▸ **WHAT TO PRODUCE**: Return only the lines of the listing below that run from the line with "Bifengxia Wildlife Park" through the line with "Un viaje en", both ends included, exactly as written.
(Beginning of THE DATA)
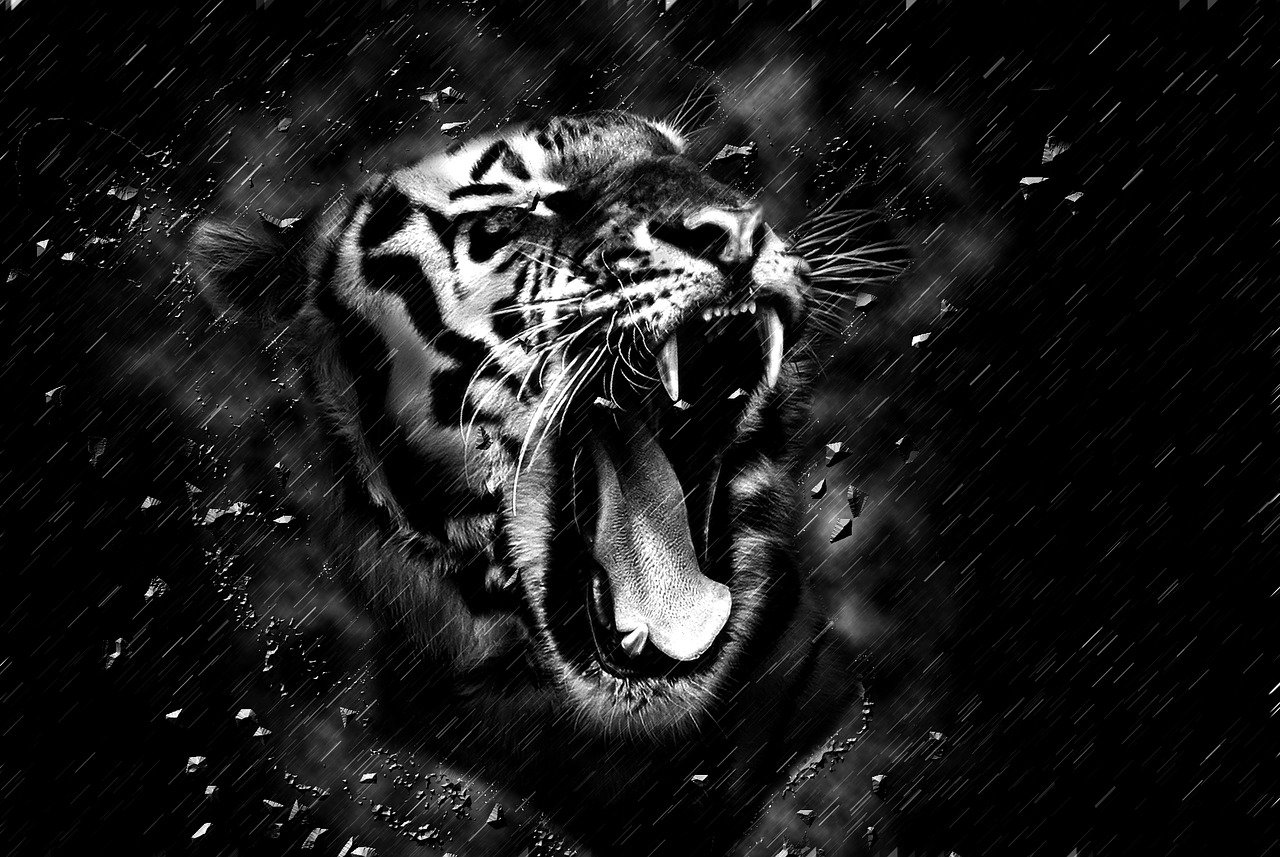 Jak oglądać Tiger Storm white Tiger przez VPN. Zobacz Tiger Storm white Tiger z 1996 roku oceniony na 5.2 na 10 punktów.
(End of THE DATA)
(Beginning of THE DATA)
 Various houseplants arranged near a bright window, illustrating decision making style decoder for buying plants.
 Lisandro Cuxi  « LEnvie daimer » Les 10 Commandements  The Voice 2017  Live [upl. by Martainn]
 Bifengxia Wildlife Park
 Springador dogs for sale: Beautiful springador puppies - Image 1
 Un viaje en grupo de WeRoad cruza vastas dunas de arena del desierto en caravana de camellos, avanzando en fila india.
(End of THE DATA)
▸ **SOLUTION TO THIS EXERCISE**:
 Bifengxia Wildlife Park
 Springador dogs for sale: Beautiful springador puppies - Image 1
 Un viaje en grupo de WeRoad cruza vastas dunas de arena del desierto en caravana de camellos, avanzando en fila india.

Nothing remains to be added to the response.